2nd International Conference on Biodiversity & Sustainable Energy Development

Change Liu, Kai Yan, Long Zhang, Tiantian Wang and Changqun Duan

Posters: J Ecosys Ecograph

DOI: 10.4172/2157-7625.S1.013

Leaf N, P contents and nutrient resorption patterns have the potential to reflect gradients in plant nutrient limitation and to affect a suite of terrestrial ecosystem functions. Green-leaf and senesced-leaf N and P concentrations were quantified for 102 species and 47 species respectively from 70 plots in phosphorus-enriched regions of the Lake Dianchi watershed, southwestern China. The average values of contents of Green-leaf N, P and N: P were 17.98mg/g, 4.29mg/g and 4.64. Leaf nutrient concentration was significantly higher in forbs plants than in woody plants, but there was no difference in leaf nutrient concentrations between trees and shrubs. The average values of contents of senesced-leaf N, P and N: P were 7.05mg/g, 2.64mg/g, and 3.10. The N resorption efficiency (NRE) ranged from 27.06% to 84.38%, and mean value is 55.4%; The P resorption efficiency (PRE) ranged from 2.01% to 56.31%, and mean value is 24.75%. PRE in our research was lower than other works around the world.

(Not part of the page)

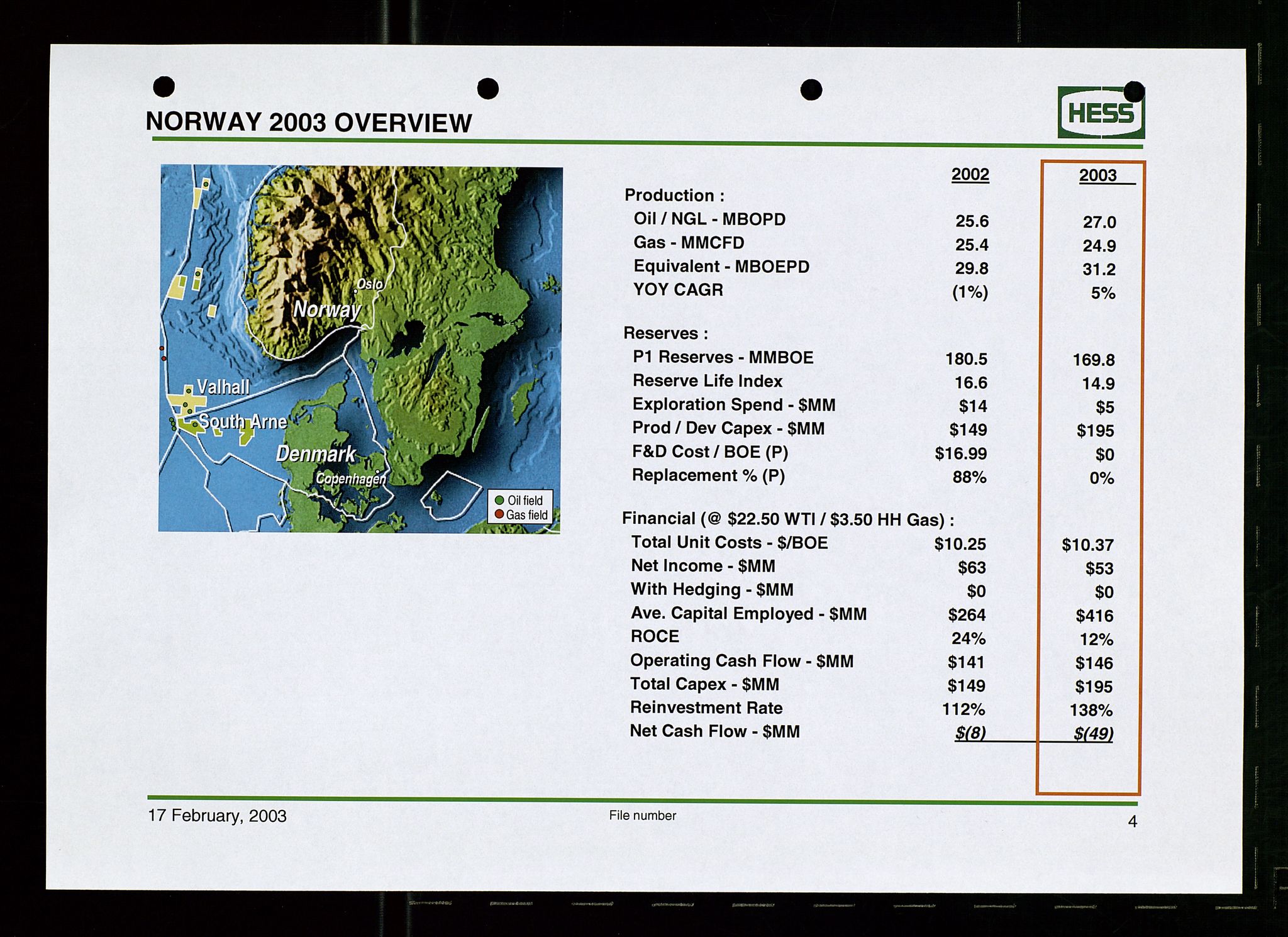 Pa 1766 - Hess Norge AS, AV/SAST-A-102451/A/Aa/L0005: Referater og sakspapirer, 2002-2005, p. 42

Forbs had the lowest PRE. Green-leaf N was positive related to green-leaf P, but senesced-N was less related to senesced-N. Standardized major axis analyses showed that the relationship between foliar N and P content was different from phosphorus-enriched region to normal region. With the increasing of green-leaf N, senesced-N increased. And also, with the increasing of green-leaf P, senesced-P increased. Green-leaf N: P was positive correlation between with senesced-N, but negative with senesced-P. Results suggested that plant growth and vegetation development in the Lake Dianchi watershed were limited by low soil N contents and plant growth enhanced by N addition should be important for vegetation resilience.